The results wouldn't be as significant as what I posted above.  For example, xiphmont has a negative correlation on rawhide.  Actually, I'm a bit leery of digging out groups of people this way.  Grouping together a bunch of strongly correlated people is one thing (r > 0.7).  It's another to pull in weakly correlated people as well.

ff123

Second in the series of 128 tests

Reply #39
What about using this technique for AQ1 results?

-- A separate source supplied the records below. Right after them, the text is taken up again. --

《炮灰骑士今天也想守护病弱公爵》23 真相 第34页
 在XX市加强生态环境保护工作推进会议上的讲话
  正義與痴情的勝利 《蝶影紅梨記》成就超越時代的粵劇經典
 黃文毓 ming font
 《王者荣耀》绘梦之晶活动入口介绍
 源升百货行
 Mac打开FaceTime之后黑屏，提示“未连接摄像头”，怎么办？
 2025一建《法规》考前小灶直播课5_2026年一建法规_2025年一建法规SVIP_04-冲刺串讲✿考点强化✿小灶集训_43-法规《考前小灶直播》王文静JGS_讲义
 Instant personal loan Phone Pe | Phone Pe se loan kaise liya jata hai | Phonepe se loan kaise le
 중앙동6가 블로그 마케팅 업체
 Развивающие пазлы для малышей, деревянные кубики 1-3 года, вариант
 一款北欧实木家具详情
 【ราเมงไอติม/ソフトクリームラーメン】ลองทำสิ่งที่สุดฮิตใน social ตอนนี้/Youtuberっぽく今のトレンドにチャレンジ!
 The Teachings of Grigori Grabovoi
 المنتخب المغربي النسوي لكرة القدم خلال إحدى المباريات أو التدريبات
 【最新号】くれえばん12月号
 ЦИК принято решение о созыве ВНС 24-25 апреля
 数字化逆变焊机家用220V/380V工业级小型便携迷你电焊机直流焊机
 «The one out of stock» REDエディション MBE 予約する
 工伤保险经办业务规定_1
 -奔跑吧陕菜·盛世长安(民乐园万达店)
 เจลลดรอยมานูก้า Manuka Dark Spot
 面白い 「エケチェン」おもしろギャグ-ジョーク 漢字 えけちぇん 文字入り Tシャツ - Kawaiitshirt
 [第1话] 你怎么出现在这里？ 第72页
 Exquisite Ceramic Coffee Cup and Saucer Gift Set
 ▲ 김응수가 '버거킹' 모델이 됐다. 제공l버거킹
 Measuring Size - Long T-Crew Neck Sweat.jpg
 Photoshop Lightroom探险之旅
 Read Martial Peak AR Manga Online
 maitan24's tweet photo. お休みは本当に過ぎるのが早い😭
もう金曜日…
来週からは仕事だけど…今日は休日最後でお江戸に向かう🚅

Second in the series of 128 tests

Reply #40
I thought about that, but I need to automate the process before I apply it to AQ1.  I did the others by hand.

ff123

Second in the series of 128 tests

Reply #41
Ah, what the heck.  I was curious.

I found the following correlations by listener, and sorted from most to least correlation (I am listener 6):

Code: [Select]
listener    r

   6         0.87

  20         0.79

  17         0.74

   1         0.71

  34         0.67

  13         0.67

   7         0.63

  30         0.60

  15         0.58

  37         0.56

  11         0.54

  41         0.54

  35         0.45

   9         0.43

  16         0.42

  10         0.38

   4         0.30

  18         0.29

  39         0.08

   2         0.06

  14         0.05

  38         0.02

  25        -0.01

  23        -0.07

  36        -0.12

  29        -0.17

  32        -0.56

  28        -0.56


If I choose only the 18 listeners with at least weak positive correlation (including listener 18), I get the following results:

Code: [Select]
mpc      dm-std   dm-xtrm  dm-ins   cbr256   abr224   r3mix    cbr192

 4.76     4.63     4.49     4.38     4.36     4.29     4.27     3.81



                           Unadjusted p-values

        dm-std   dm-xtrm  dm-ins   cbr256   abr224   r3mix    cbr192

mpc      0.379    0.068    0.010*   0.007*   0.002*   0.001*   0.000*

dm-std     -      0.339    0.087    0.062    0.021*   0.015*   0.000*

dm-xtrm    -        -      0.444    0.359    0.169    0.137    0.000*

dm-ins     -        -        -      0.878    0.540    0.467    0.000*

cbr256     -        -        -        -      0.646    0.566    0.000*

abr224     -        -        -        -        -      0.908    0.001*

r3mix      -        -        -        -        -        -      0.002*



Each '.' is 1,000 resamples.  Each '+' is 10,000 resamples

.........+



                            Adjusted p-values

        dm-std   dm-xtrm  dm-ins   cbr256   abr224   r3mix    cbr192

mpc      0.924    0.459    0.120    0.087    0.025*   0.020*   0.000*

dm-std     -      0.931    0.522    0.445    0.203    0.166    0.000*

dm-xtrm    -        -      0.922    0.922    0.724    0.660    0.000*

dm-ins     -        -        -      0.985    0.922    0.922    0.003*

cbr256     -        -        -        -      0.941    0.922    0.005*

abr224     -        -        -        -        -      0.985    0.021*

r3mix      -        -        -        -        -        -      0.027*


ff123

Second in the series of 128 tests

Reply #42
Again I seem to have trouble reading these charts, but would it be correct then to say that this analysis does not show any statistically significant difference between MPC, dm-std, and dm-xtrm (on the high end)?  Also interesting than the average for dm-std seems to be higher than that for dm-xtrm, though again there's no statistically significant difference (I think?).

Second in the series of 128 tests

Reply #43
Quote
Again I seem to have trouble reading these charts

The only statistically significant results (after resampling) were:
*everything* is better than cbr192
*mpc* is also better than r3mix and abr224.